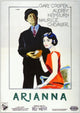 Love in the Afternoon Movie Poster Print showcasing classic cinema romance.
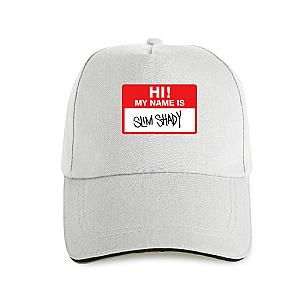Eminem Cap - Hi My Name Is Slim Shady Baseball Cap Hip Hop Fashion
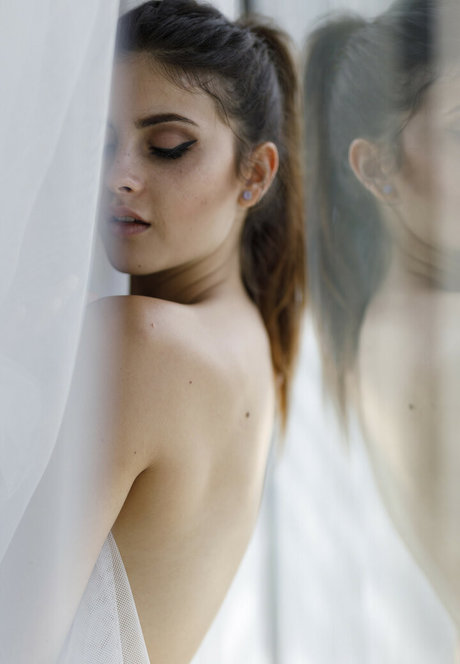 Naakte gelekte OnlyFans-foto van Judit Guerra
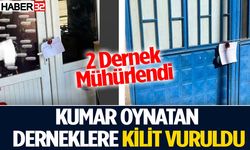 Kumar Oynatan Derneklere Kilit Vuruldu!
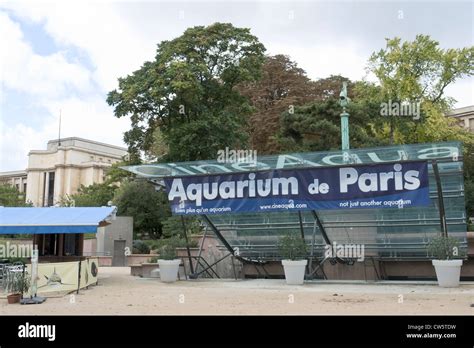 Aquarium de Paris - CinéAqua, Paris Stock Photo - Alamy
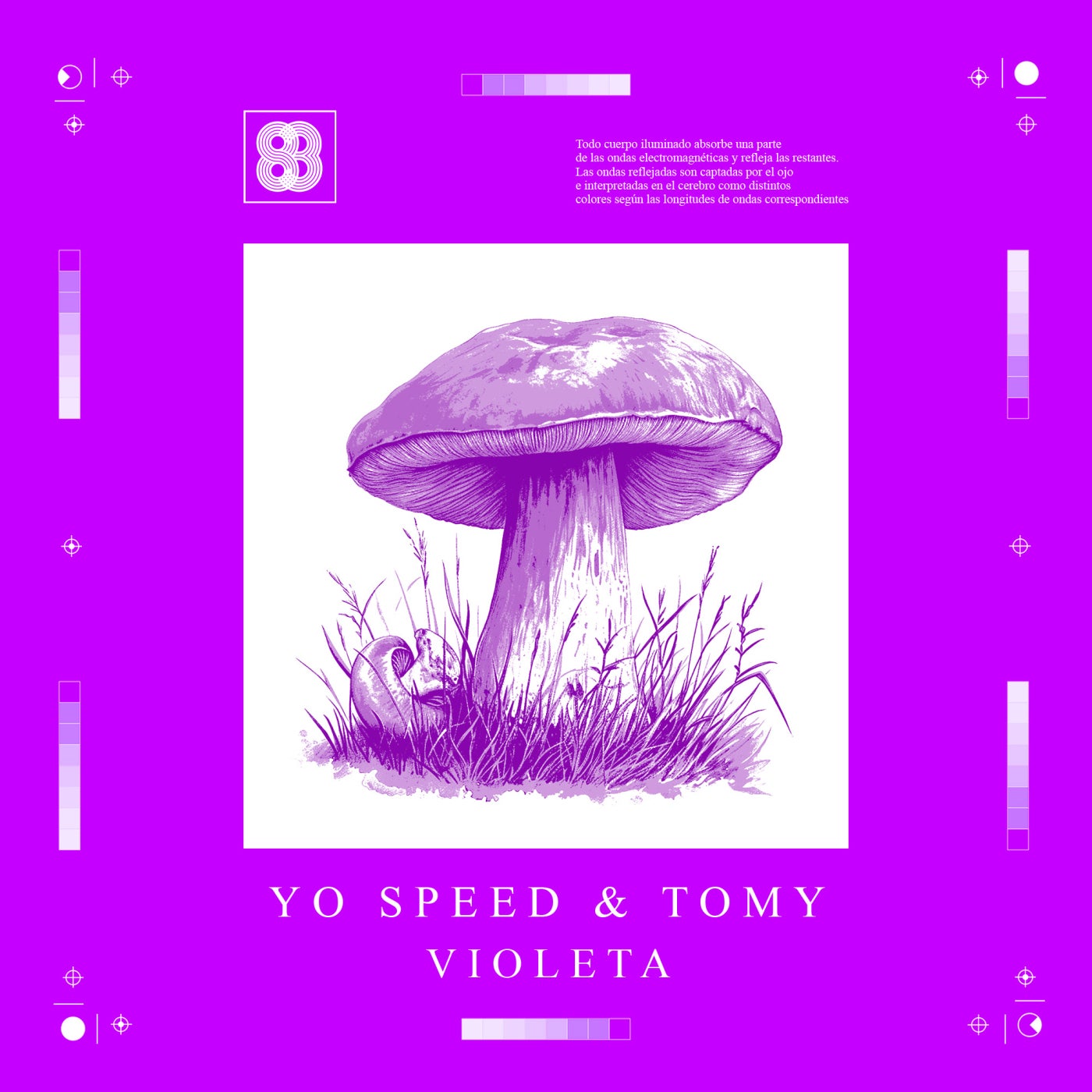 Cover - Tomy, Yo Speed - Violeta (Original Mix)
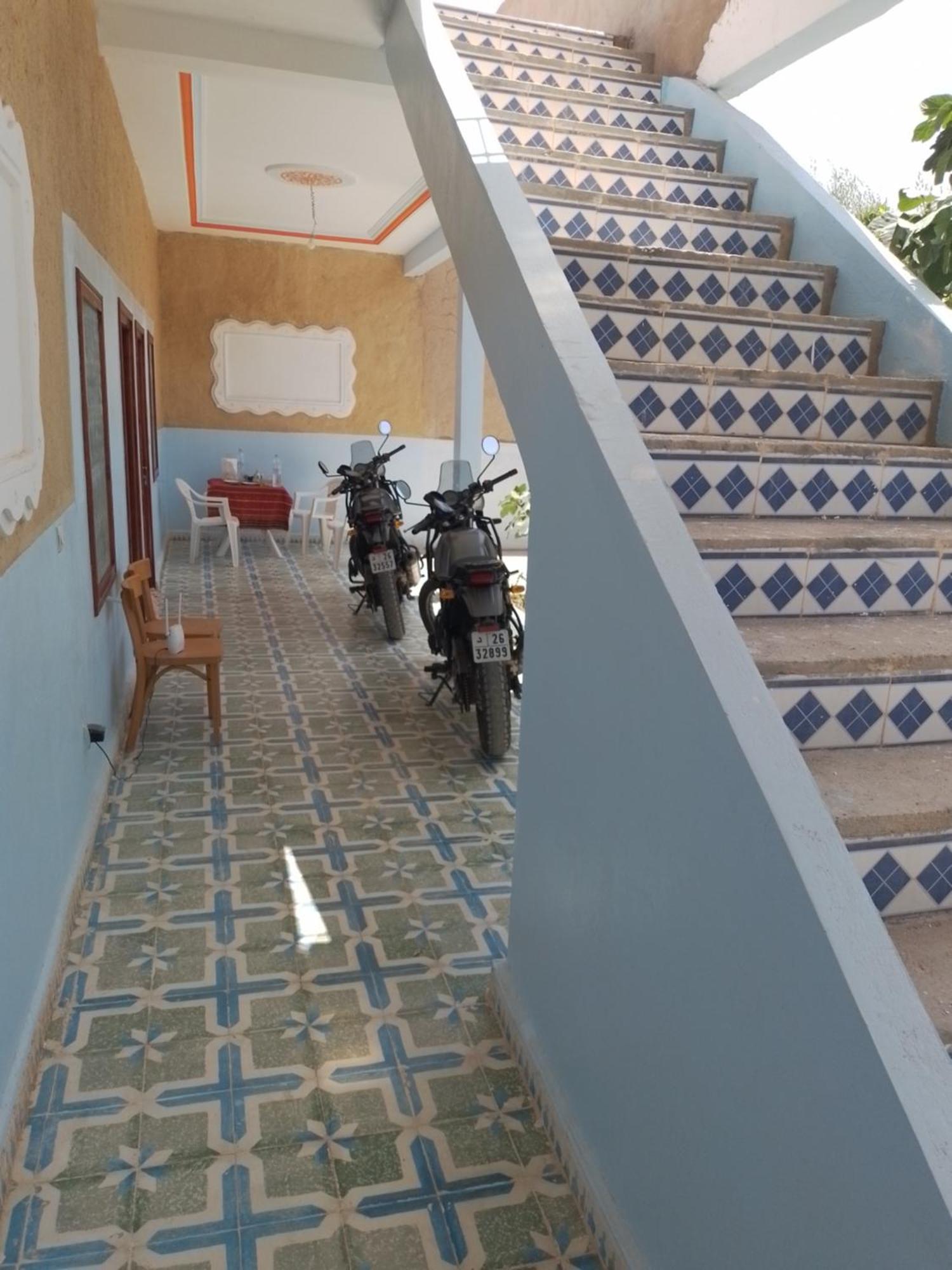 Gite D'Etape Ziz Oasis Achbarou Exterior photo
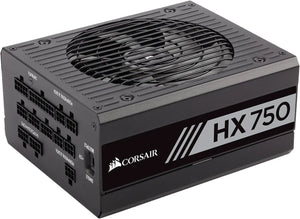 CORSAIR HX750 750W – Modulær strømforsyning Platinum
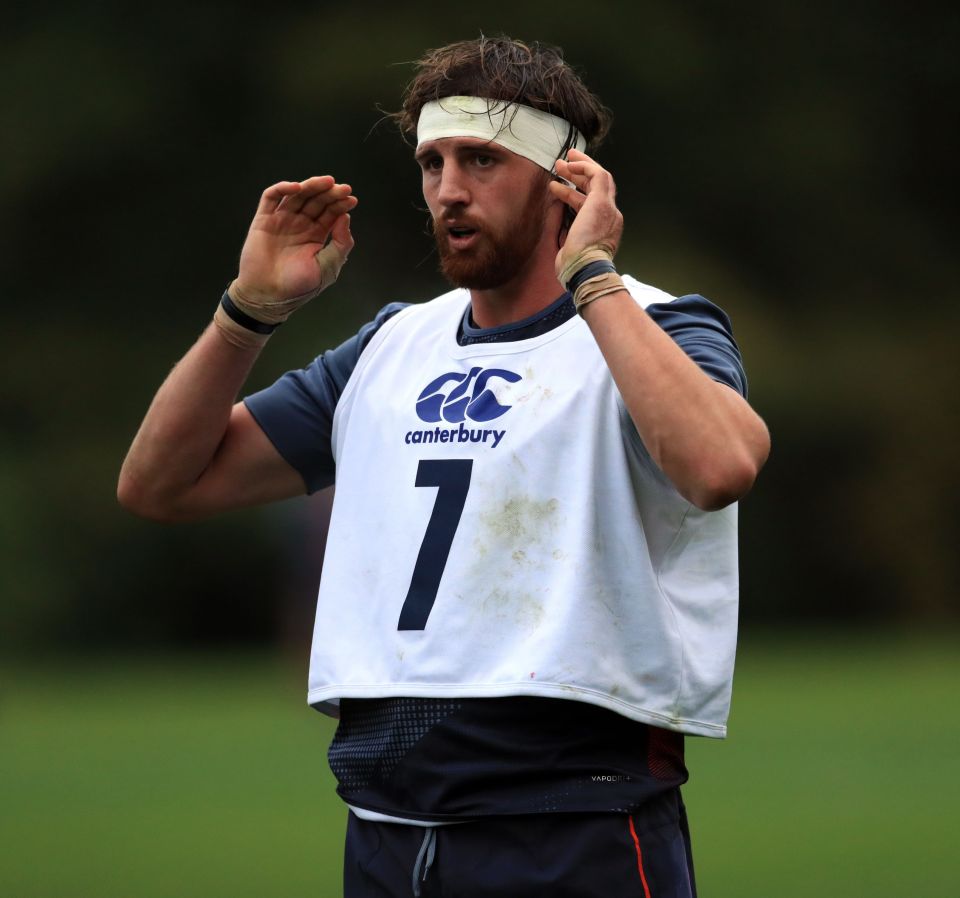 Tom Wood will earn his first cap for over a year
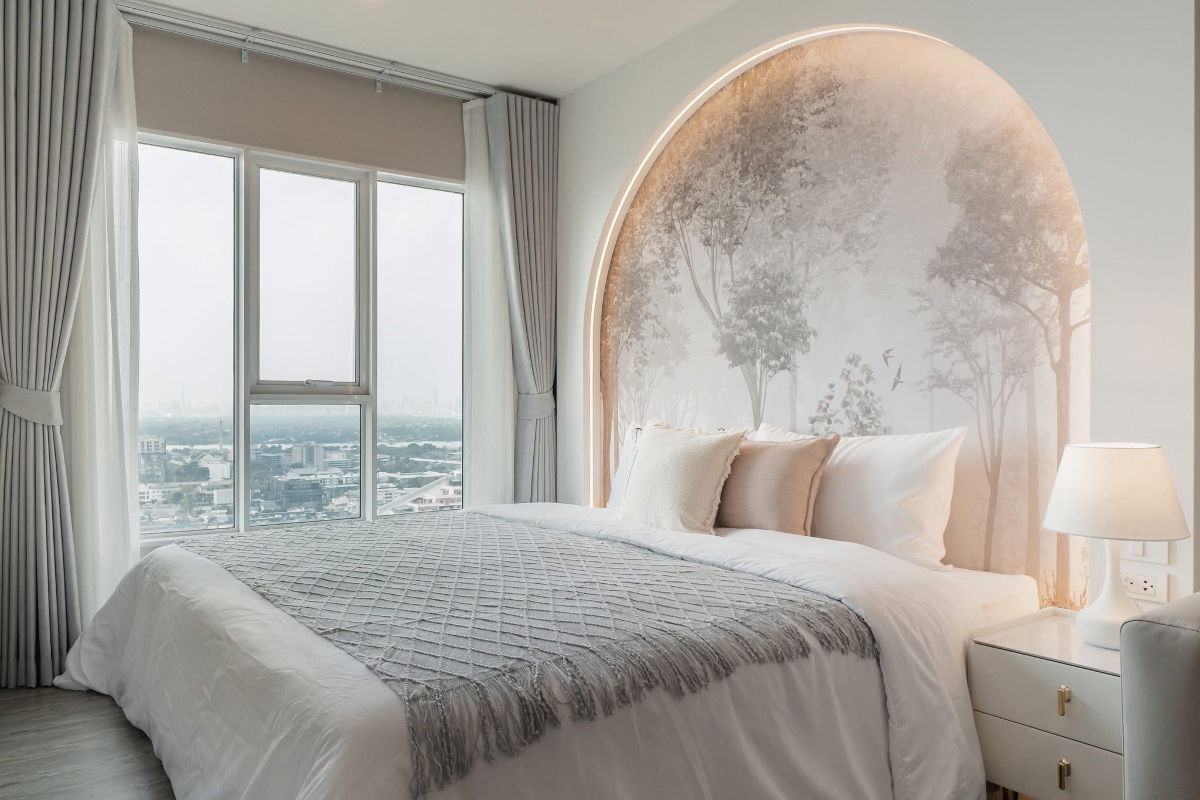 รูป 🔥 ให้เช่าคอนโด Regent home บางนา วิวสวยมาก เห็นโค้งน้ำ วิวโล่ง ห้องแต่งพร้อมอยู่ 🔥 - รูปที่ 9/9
---
» ABOUT THIS EXERCISE:
Retype the material in full, exactly as written, and exclude the pictures.

» EXERCISE ANSWER:
 Love in the Afternoon Movie Poster Print showcasing classic cinema romance.
Eminem Cap - Hi My Name Is Slim Shady Baseball Cap Hip Hop Fashion
 Naakte gelekte OnlyFans-foto van Judit Guerra
 Kumar Oynatan Derneklere Kilit Vuruldu!
 Aquarium de Paris - CinéAqua, Paris Stock Photo - Alamy
 Cover - Tomy, Yo Speed - Violeta (Original Mix)
 Gite D'Etape Ziz Oasis Achbarou Exterior photo
 CORSAIR HX750 750W – Modulær strømforsyning Platinum
 Tom Wood will earn his first cap for over a year
 รูป 🔥 ให้เช่าคอนโด Regent home บางนา วิวสวยมาก เห็นโค้งน้ำ วิวโล่ง ห้องแต่งพร้อมอยู่ 🔥 - รูปที่ 9/9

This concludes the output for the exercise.